[Work instruction]: Could you write out exactly, and only, the lines from the one containing "Qaeed Name Poster" through the last line of the data, leaving out all pictures?

[Data shown]:
──────────
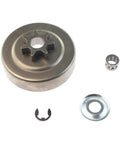 Beefed Up Chainsaw Clutch Drum Sprocket Replacement For Smooth Chain Rotation And Tough Power Transmission Fits Multiple Models For Easy Maintenance Built For Demanding Jobs. metal clutch drum sprocket with bearing and washer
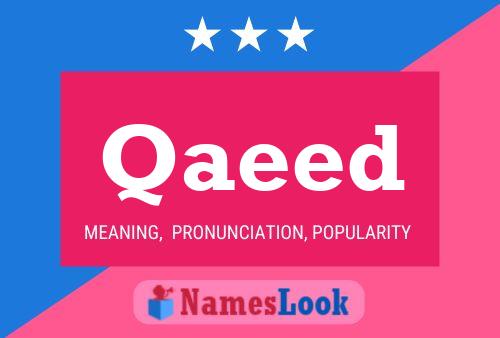 Qaeed Name Poster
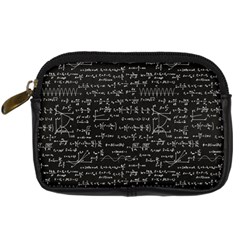 Math-equations-formulas-pattern Digital Camera Leather Case by Salman4z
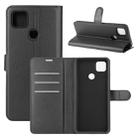 For Xiaomi Redmi 9C Litchi Texture Horizontal Flip Protective Case with Holder & Card Slots & Wallet(Black) - 1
──────────
[Task solution]:
 Qaeed Name Poster
 Math-equations-formulas-pattern Digital Camera Leather Case by Salman4z
 For Xiaomi Redmi 9C Litchi Texture Horizontal Flip Protective Case with Holder & Card Slots & Wallet(Black) - 1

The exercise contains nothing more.